_How to complete this task_
A word-for-word copy of the data is what's wanted, with no pictures.

_Available data_
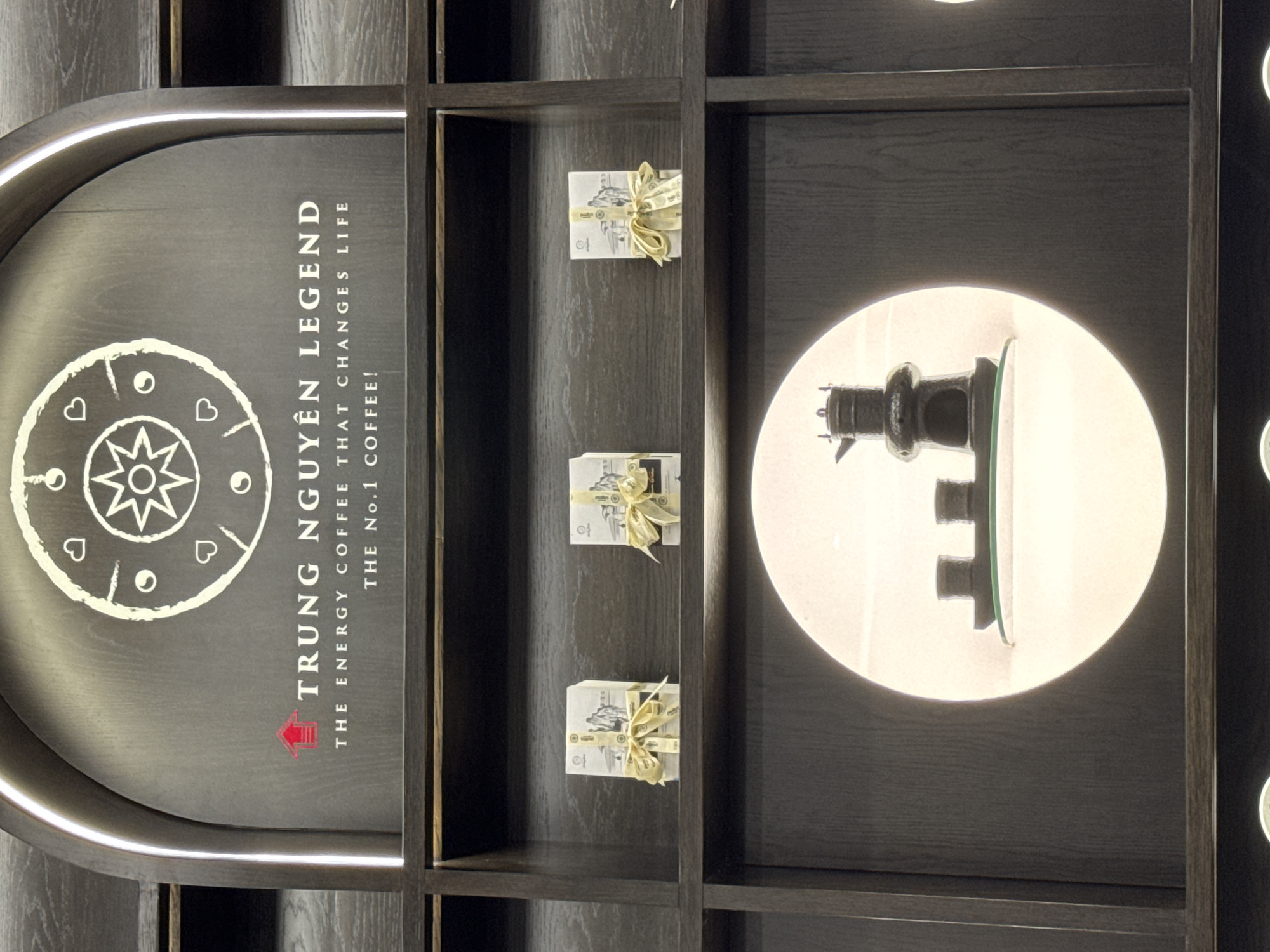 The image displays a section of an interior, likely a retail space, featuring a dark wooden shelving unit with various products. At the top, a large, dark gray arched panel displays white text that reads "TRUNG NGUYEN LEGEND" followed by "THE ENERGY COFFEE THAT CHANGES LIFE THE No.1 COFFEE!". Above the text is a white circular emblem with a star-like design in the center, surrounded by smaller circular motifs and heart shapes.
On the shelf directly below the panel, three small, rectangular packages are displayed, each wrapped in white paper and tied with a yellow ribbon. These packages appear to be gift-wrapped coffee products.
Further down, a circular illuminated display niche contains a dark, ornate coffee pot and two small cups, all resting on a clear glass shelf. The niche has a soft, diffused lighting.
The shelving unit itself is constructed of dark wood with visible grain. The overall aesthetic suggests a modern and sophisticated presentation of coffee-related items. The scene is indoors, with no visible windows or outdoor elements. The location is identified as Trung Nguyen Legend Cafe, 76 Tran Phu Street, Nha Trang Ward, Vietnam, which is a prominent coffeehouse chain in Vietnam.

_Task answer_
 The image displays a section of an interior, likely a retail space, featuring a dark wooden shelving unit with various products. At the top, a large, dark gray arched panel displays white text that reads "TRUNG NGUYEN LEGEND" followed by "THE ENERGY COFFEE THAT CHANGES LIFE THE No.1 COFFEE!". Above the text is a white circular emblem with a star-like design in the center, surrounded by smaller circular motifs and heart shapes.
On the shelf directly below the panel, three small, rectangular packages are displayed, each wrapped in white paper and tied with a yellow ribbon. These packages appear to be gift-wrapped coffee products.
Further down, a circular illuminated display niche contains a dark, ornate coffee pot and two small cups, all resting on a clear glass shelf. The niche has a soft, diffused lighting.
The shelving unit itself is constructed of dark wood with visible grain. The overall aesthetic suggests a modern and sophisticated presentation of coffee-related items. The scene is indoors, with no visible windows or outdoor elements. The location is identified as Trung Nguyen Legend Cafe, 76 Tran Phu Street, Nha Trang Ward, Vietnam, which is a prominent coffeehouse chain in Vietnam.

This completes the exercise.